§ REQUIREMENT: Excluding pictures, what does the listing below contain from the line with "Hi there, welcome" up to and including the line with "After applying the", word for word?

§ EXTRACTED ENTRIES:
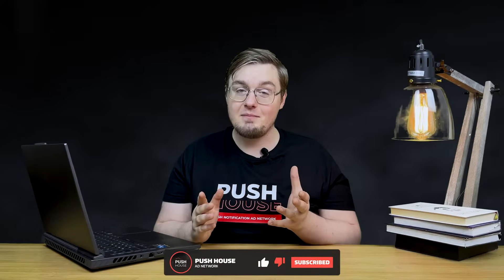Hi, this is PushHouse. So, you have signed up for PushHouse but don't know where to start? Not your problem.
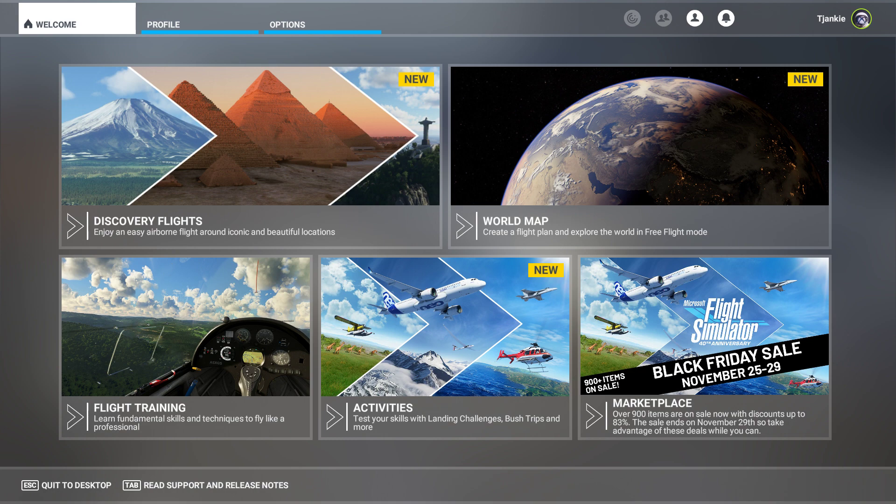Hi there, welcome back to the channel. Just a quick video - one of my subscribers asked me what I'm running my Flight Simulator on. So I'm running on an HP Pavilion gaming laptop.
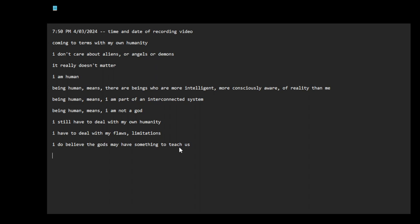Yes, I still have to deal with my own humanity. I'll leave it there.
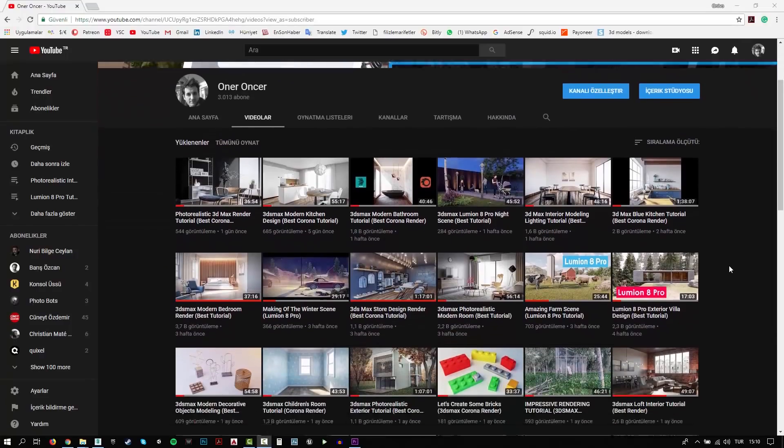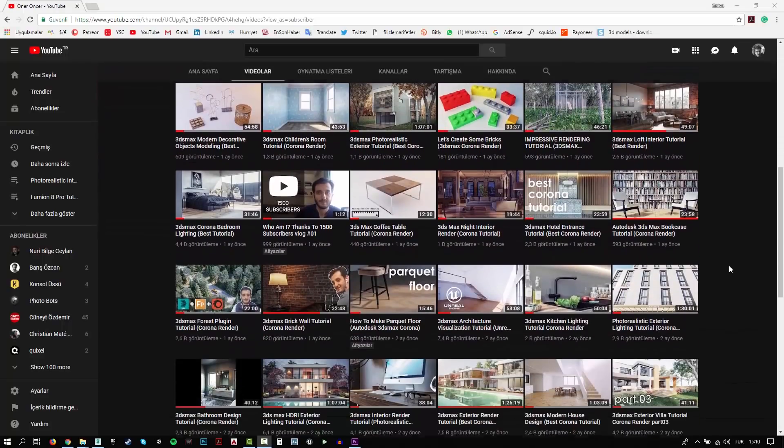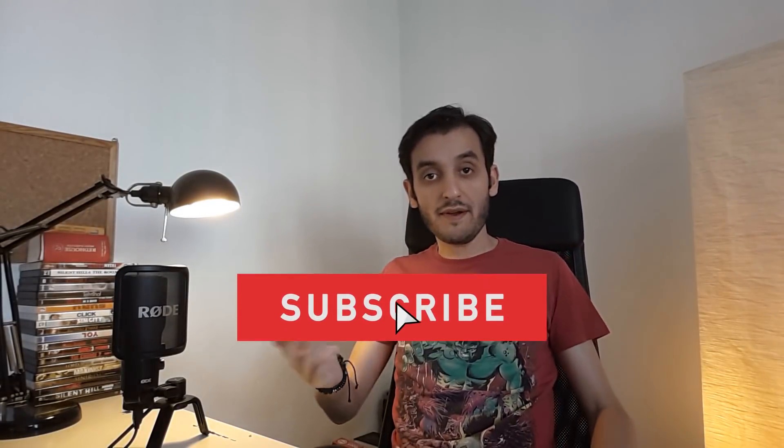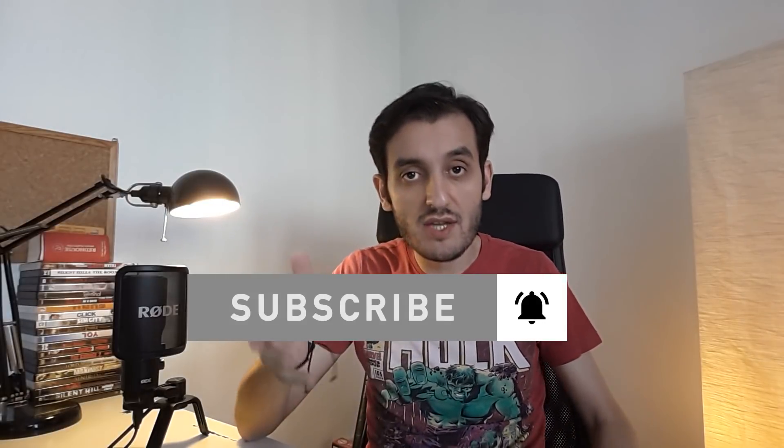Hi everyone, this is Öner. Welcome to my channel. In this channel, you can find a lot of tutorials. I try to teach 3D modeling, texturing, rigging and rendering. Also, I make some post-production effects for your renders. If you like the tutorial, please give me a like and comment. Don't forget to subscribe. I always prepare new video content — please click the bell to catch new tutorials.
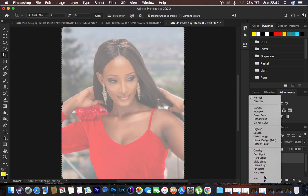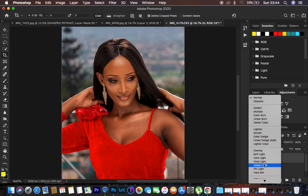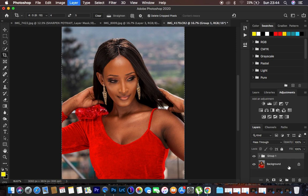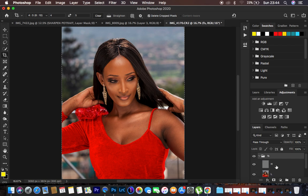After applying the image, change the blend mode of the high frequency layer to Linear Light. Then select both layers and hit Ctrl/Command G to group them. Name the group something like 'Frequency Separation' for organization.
==
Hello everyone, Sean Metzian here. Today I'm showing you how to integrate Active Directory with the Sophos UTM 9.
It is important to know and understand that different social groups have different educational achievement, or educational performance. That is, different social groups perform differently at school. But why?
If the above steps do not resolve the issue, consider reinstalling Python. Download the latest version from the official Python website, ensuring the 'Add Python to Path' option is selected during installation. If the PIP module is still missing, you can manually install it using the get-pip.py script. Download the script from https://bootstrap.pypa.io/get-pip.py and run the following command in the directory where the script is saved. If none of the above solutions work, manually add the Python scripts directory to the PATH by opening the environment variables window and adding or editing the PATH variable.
* * *
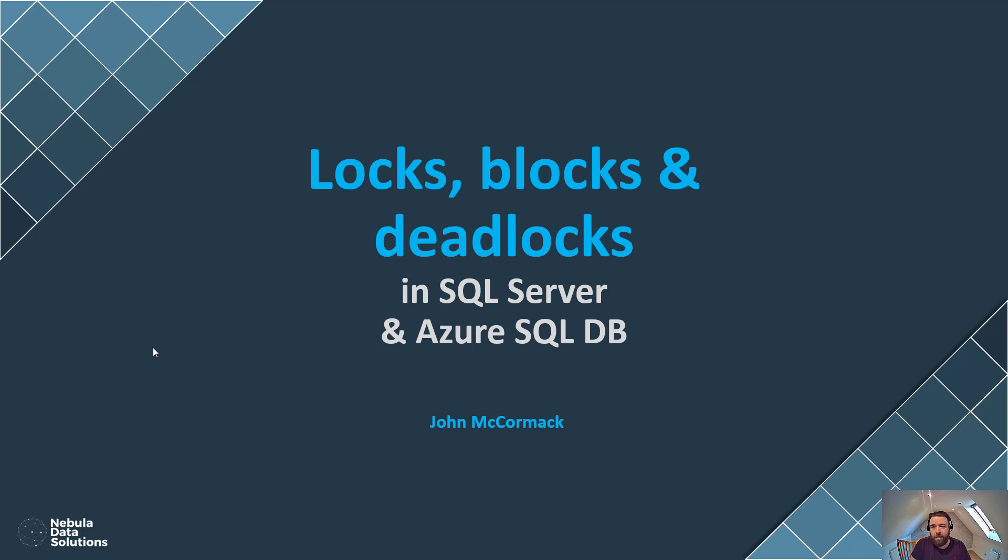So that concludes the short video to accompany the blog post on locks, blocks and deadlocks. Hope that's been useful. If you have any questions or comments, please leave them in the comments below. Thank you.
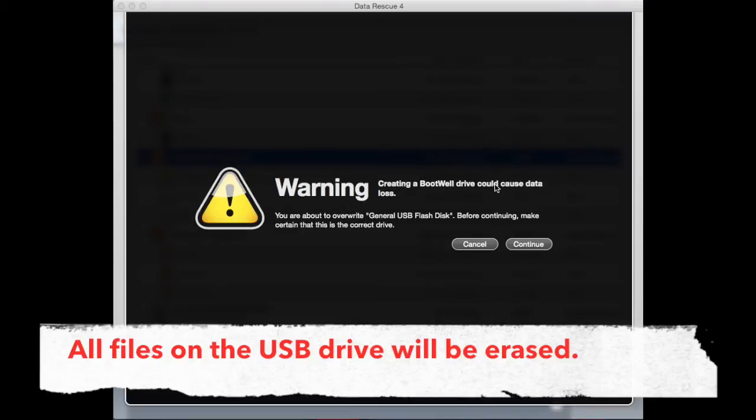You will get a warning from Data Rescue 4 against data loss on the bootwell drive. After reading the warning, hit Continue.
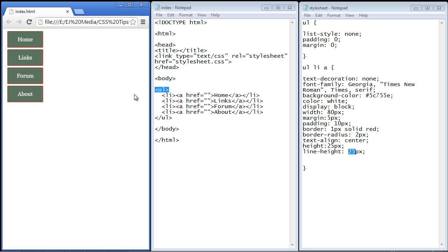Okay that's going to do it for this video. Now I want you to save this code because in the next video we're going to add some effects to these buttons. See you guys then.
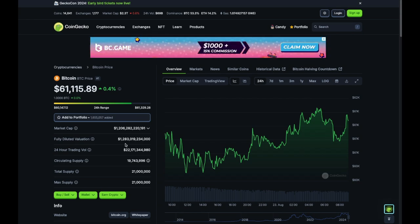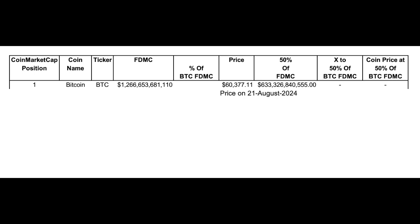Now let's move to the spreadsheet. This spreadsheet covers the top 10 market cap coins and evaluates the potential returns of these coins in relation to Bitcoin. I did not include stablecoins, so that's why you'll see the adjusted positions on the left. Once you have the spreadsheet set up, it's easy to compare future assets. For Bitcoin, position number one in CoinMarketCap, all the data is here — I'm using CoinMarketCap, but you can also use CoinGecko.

§ SOLUTION BELOW:
Hi there, welcome back to the channel. Just a quick video - one of my subscribers asked me what I'm running my Flight Simulator on. So I'm running on an HP Pavilion gaming laptop.
Yes, I still have to deal with my own humanity. I'll leave it there.
Hi everyone, this is Öner. Welcome to my channel. In this channel, you can find a lot of tutorials. I try to teach 3D modeling, texturing, rigging and rendering. Also, I make some post-production effects for your renders. If you like the tutorial, please give me a like and comment. Don't forget to subscribe. I always prepare new video content — please click the bell to catch new tutorials.
After applying the image, change the blend mode of the high frequency layer to Linear Light. Then select both layers and hit Ctrl/Command G to group them. Name the group something like 'Frequency Separation' for organization.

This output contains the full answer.